Brief | Down to the last line of the listing, starting at the one with "Hey, teachers! Check", retype each line exactly. Do not copy the pictures.

Material provided |
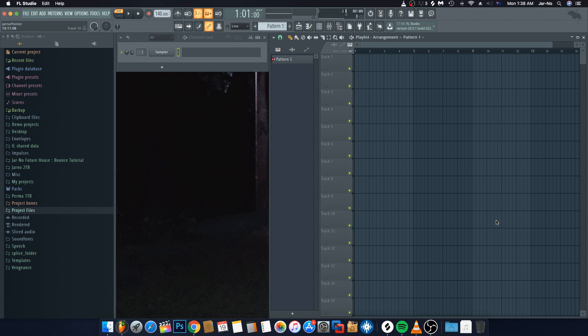The first thing you want to do is go into the description below and download the pack that I have there, which includes the short vocal we'll be using for this tutorial. Once you have that, go ahead and extract that folder to your desktop or anywhere you please, as long as you can access it from within FL Studio.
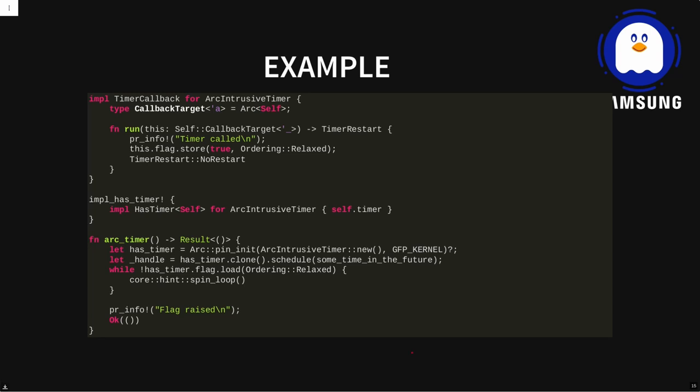Another question: is the timer callback function generated per type, or does it go through some kind of vtable? In Rust we have monomorphization — it's generated specifically for each type. That was the answer.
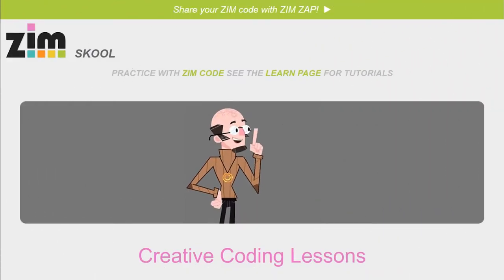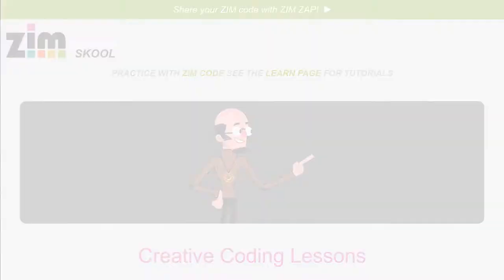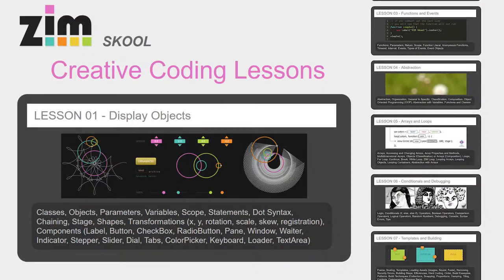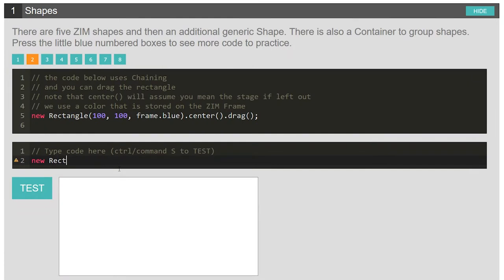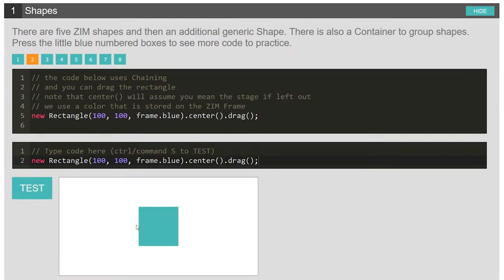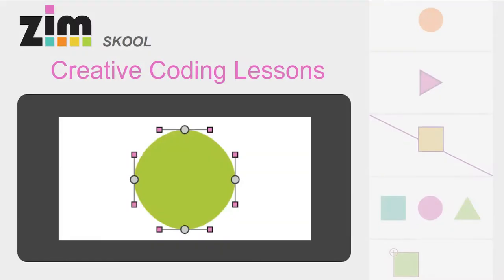Hey, teachers! Check out the Zim School Creative Coding Lessons. Students can type JavaScript code and test to practice right there in the browser.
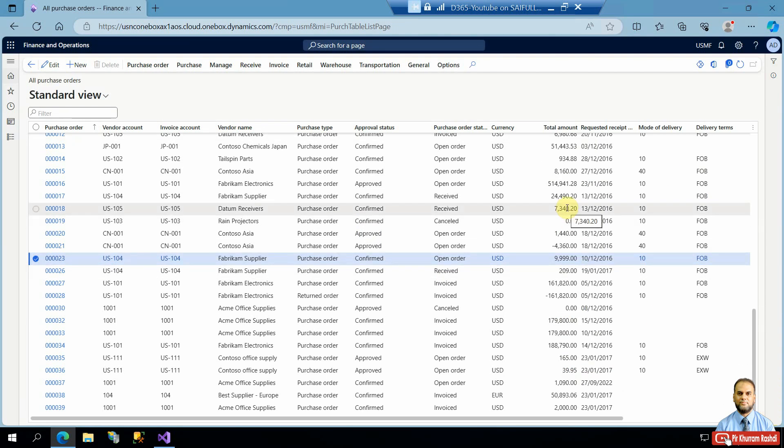This is how we implement a display method to help end users check their purchase order total amount directly on the list page. I hope this is a very useful technical session for developers who want to bring useful features to end users. Thank you very much, take care, bye bye.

Result |
Hey, teachers! Check out the Zim School Creative Coding Lessons. Students can type JavaScript code and test to practice right there in the browser.
This is how we implement a display method to help end users check their purchase order total amount directly on the list page. I hope this is a very useful technical session for developers who want to bring useful features to end users. Thank you very much, take care, bye bye.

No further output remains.